Type out each record word for word. Pictures stay out.

Captioned web images
Start of Block

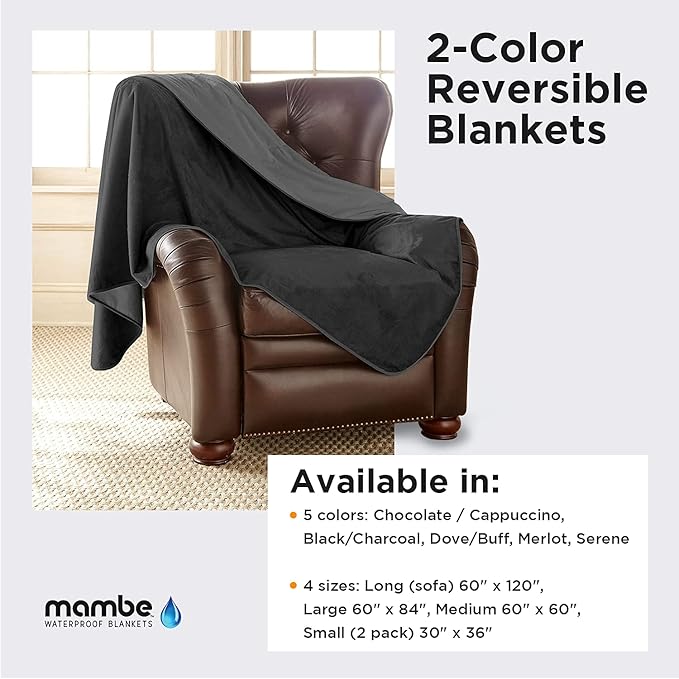 Mambe Silky Waterproof Throw for Protecting Furniture Bed Couch from Stains Caused by Dogs, Cats, Incontinence. Soft, Washable, Reversible. (Size Long/Sofa 70x120 inches, Color Black/Charcoal)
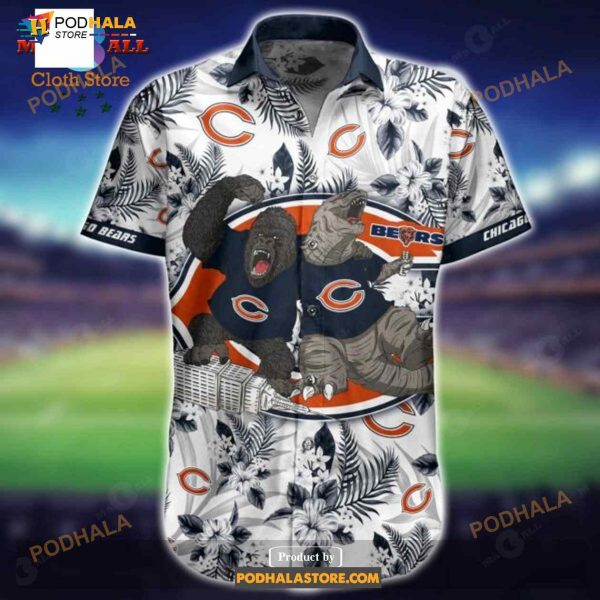 NFL Chicago Bears Funny 3D NFL Hawaiian Shirt Kingkong Godzilla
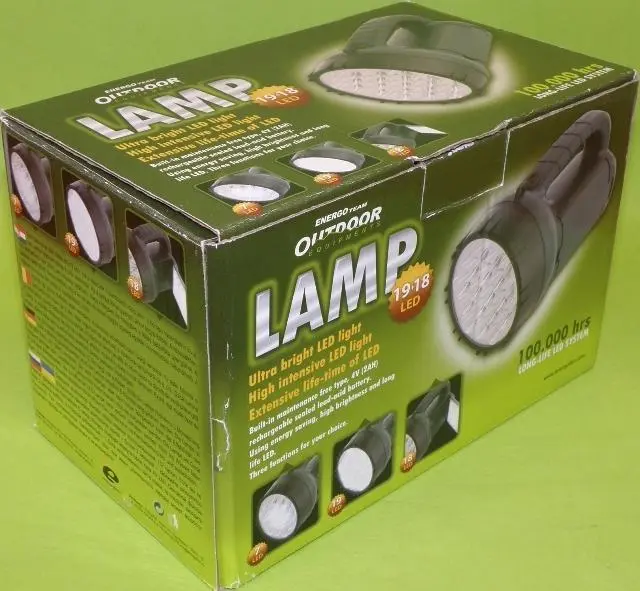 Photo de l’avis officiel: ENERGO TEAM LAMP - 19 +18 LED Torche rechargeable — risque: Brûlures & Choc électrique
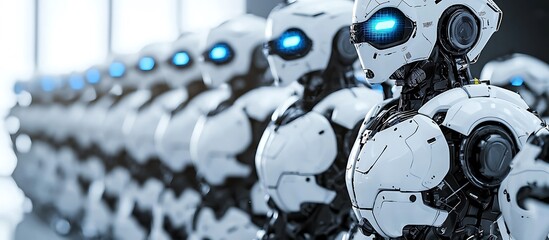 Fototapeta premium Progressive robotic technology illustrated through a lineup of advanced robots.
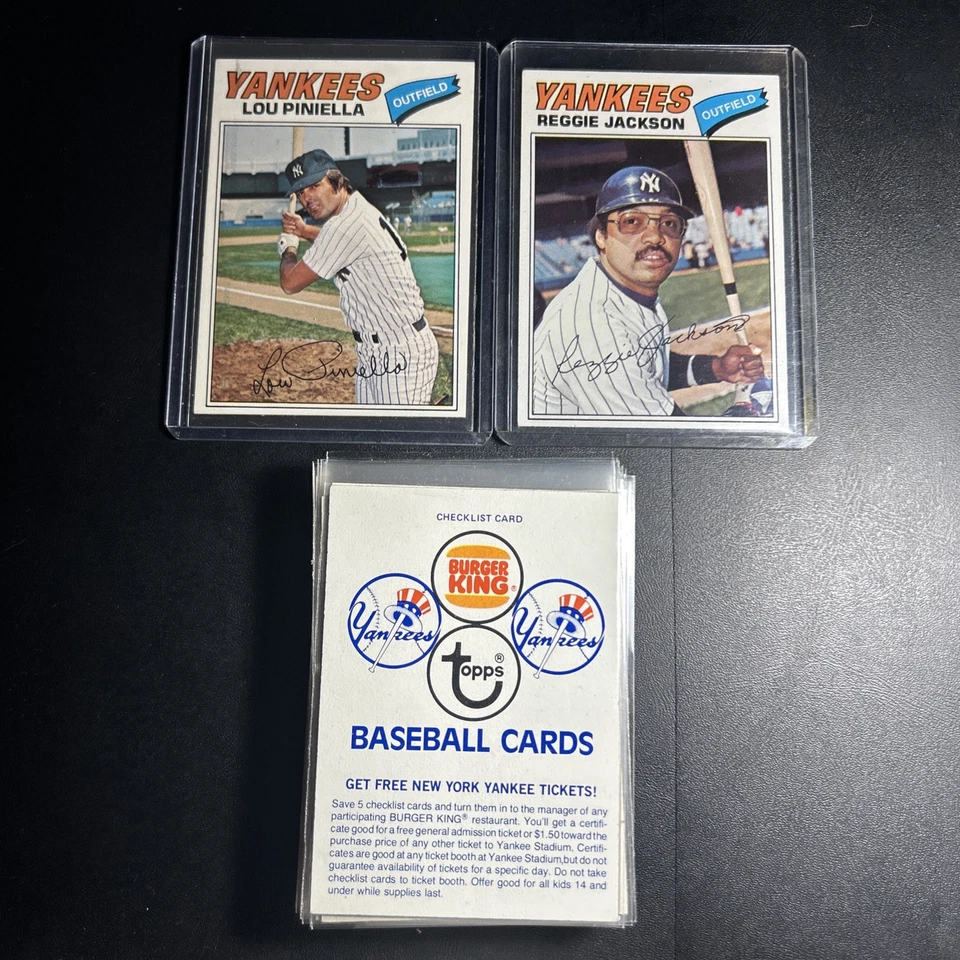 1977 Topps Burger King Yankees Equipo Set Completo Lou Piniella Incluido. 24 tarjetas Foto 1 de 4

End of Block

Task output:
 Mambe Silky Waterproof Throw for Protecting Furniture Bed Couch from Stains Caused by Dogs, Cats, Incontinence. Soft, Washable, Reversible. (Size Long/Sofa 70x120 inches, Color Black/Charcoal)
 NFL Chicago Bears Funny 3D NFL Hawaiian Shirt Kingkong Godzilla
 Photo de l’avis officiel: ENERGO TEAM LAMP - 19 +18 LED Torche rechargeable — risque: Brûlures & Choc électrique
 Fototapeta premium Progressive robotic technology illustrated through a lineup of advanced robots.
 1977 Topps Burger King Yankees Equipo Set Completo Lou Piniella Incluido. 24 tarjetas Foto 1 de 4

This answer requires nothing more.